- _Assignment_
Apart from the pictures, every entry should be reproduced exactly.

-*-*-

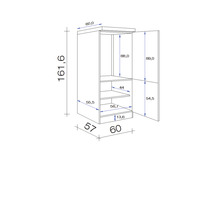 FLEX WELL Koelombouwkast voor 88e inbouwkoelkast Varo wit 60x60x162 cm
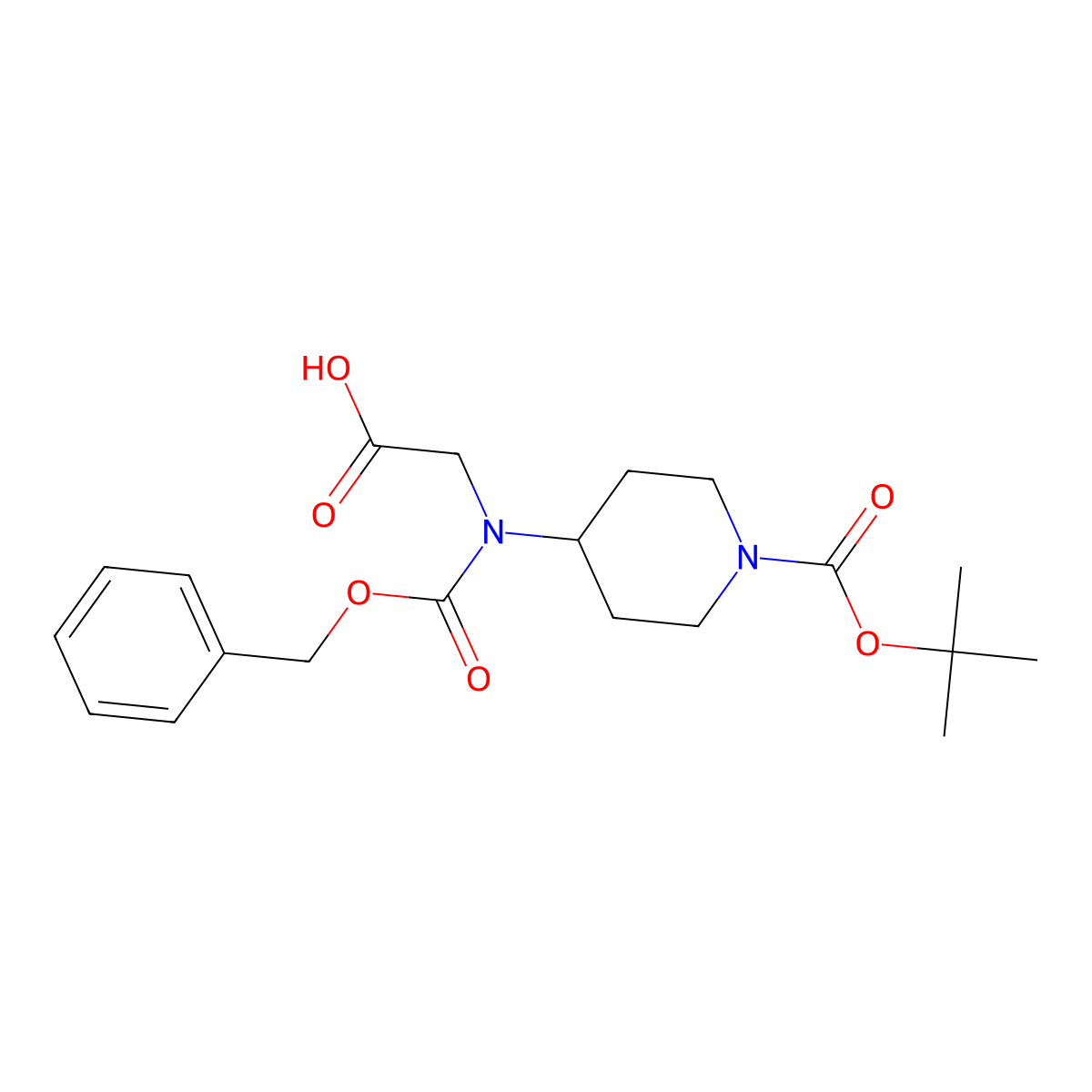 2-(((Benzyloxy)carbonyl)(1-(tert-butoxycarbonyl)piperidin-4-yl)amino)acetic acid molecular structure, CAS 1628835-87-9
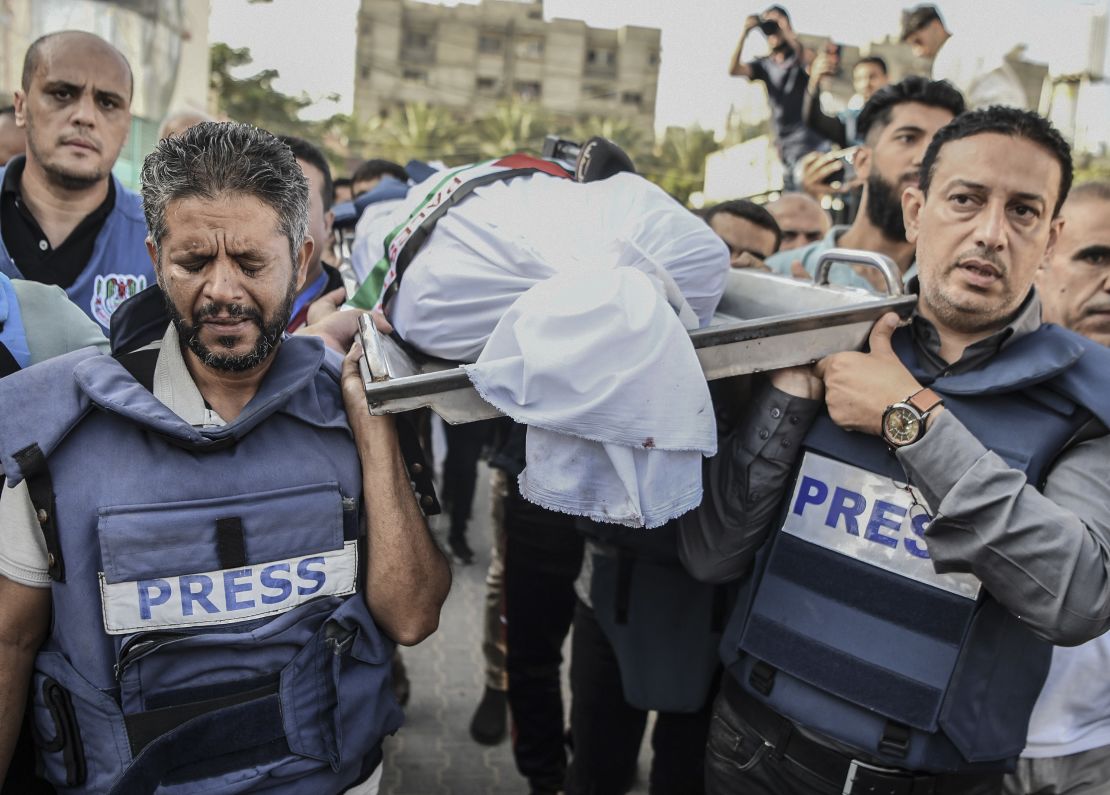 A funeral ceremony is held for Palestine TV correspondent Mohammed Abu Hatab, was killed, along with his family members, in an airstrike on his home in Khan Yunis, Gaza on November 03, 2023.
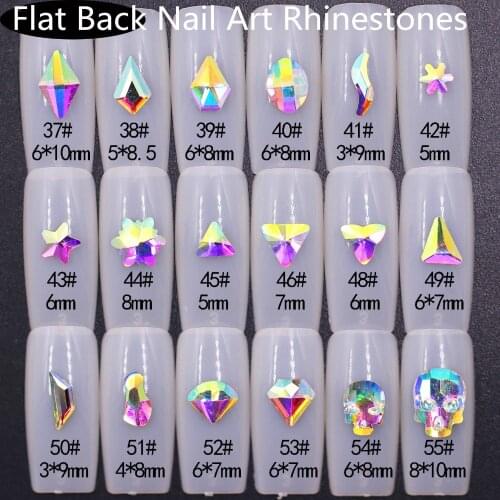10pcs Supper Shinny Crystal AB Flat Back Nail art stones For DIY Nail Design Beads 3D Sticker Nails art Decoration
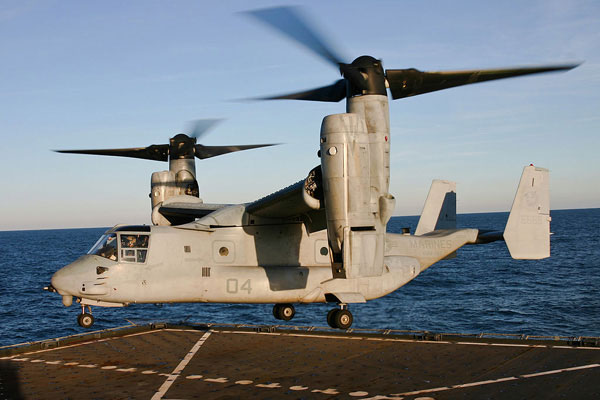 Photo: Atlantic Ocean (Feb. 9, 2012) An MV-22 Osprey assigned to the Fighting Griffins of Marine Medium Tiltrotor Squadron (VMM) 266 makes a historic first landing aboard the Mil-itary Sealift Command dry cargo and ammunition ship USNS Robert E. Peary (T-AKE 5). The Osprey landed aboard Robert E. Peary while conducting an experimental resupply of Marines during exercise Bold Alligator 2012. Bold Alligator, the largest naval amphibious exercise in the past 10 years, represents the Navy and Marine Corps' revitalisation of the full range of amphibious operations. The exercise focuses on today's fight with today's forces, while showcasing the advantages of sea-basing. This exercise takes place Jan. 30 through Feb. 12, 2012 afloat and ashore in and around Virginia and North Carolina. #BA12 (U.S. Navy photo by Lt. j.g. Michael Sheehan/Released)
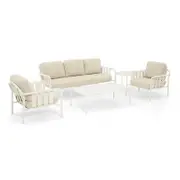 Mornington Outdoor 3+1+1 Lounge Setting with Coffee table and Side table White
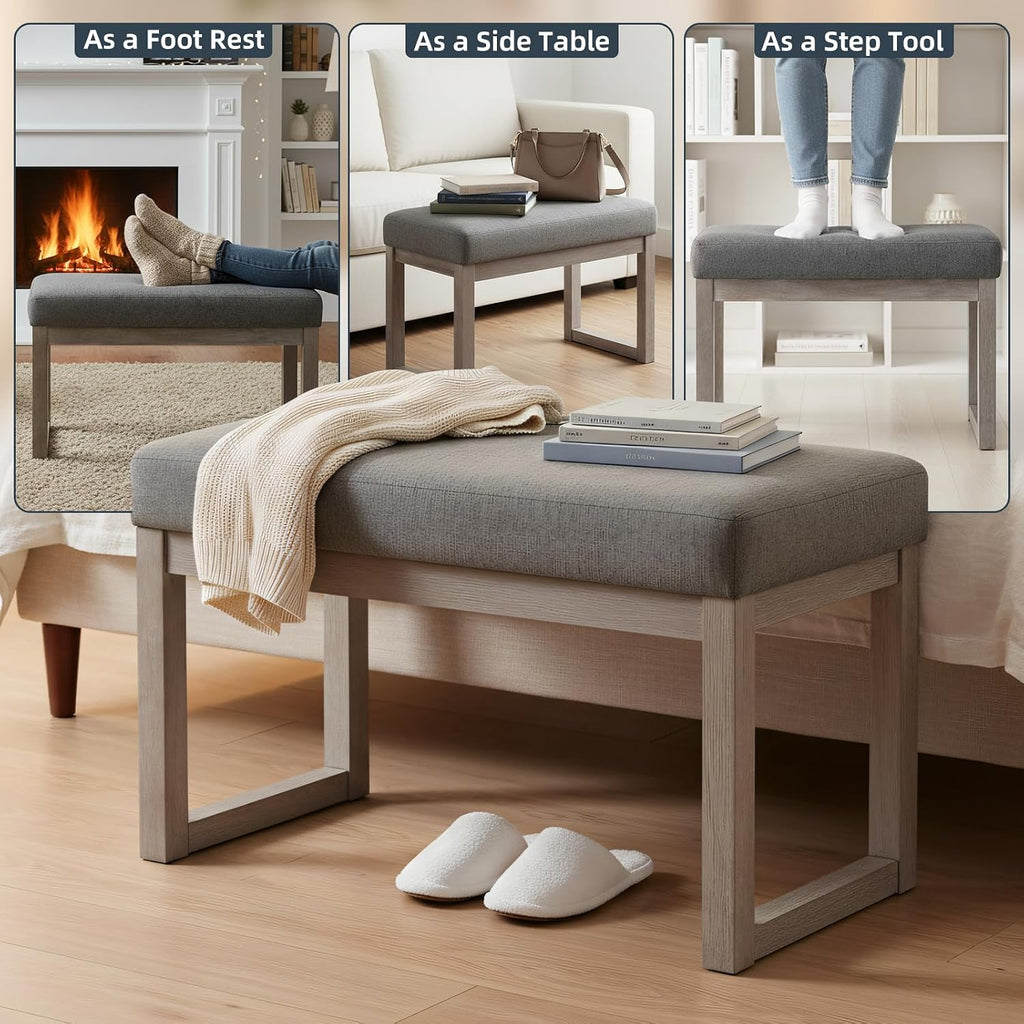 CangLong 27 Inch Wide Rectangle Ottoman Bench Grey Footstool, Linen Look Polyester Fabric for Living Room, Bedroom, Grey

-*-*-

- _Exercise output_
 FLEX WELL Koelombouwkast voor 88e inbouwkoelkast Varo wit 60x60x162 cm
 2-(((Benzyloxy)carbonyl)(1-(tert-butoxycarbonyl)piperidin-4-yl)amino)acetic acid molecular structure, CAS 1628835-87-9
 A funeral ceremony is held for Palestine TV correspondent Mohammed Abu Hatab, was killed, along with his family members, in an airstrike on his home in Khan Yunis, Gaza on November 03, 2023.
10pcs Supper Shinny Crystal AB Flat Back Nail art stones For DIY Nail Design Beads 3D Sticker Nails art Decoration
 Photo: Atlantic Ocean (Feb. 9, 2012) An MV-22 Osprey assigned to the Fighting Griffins of Marine Medium Tiltrotor Squadron (VMM) 266 makes a historic first landing aboard the Mil-itary Sealift Command dry cargo and ammunition ship USNS Robert E. Peary (T-AKE 5). The Osprey landed aboard Robert E. Peary while conducting an experimental resupply of Marines during exercise Bold Alligator 2012. Bold Alligator, the largest naval amphibious exercise in the past 10 years, represents the Navy and Marine Corps' revitalisation of the full range of amphibious operations. The exercise focuses on today's fight with today's forces, while showcasing the advantages of sea-basing. This exercise takes place Jan. 30 through Feb. 12, 2012 afloat and ashore in and around Virginia and North Carolina. #BA12 (U.S. Navy photo by Lt. j.g. Michael Sheehan/Released)
 Mornington Outdoor 3+1+1 Lounge Setting with Coffee table and Side table White
 CangLong 27 Inch Wide Rectangle Ottoman Bench Grey Footstool, Linen Look Polyester Fabric for Living Room, Bedroom, Grey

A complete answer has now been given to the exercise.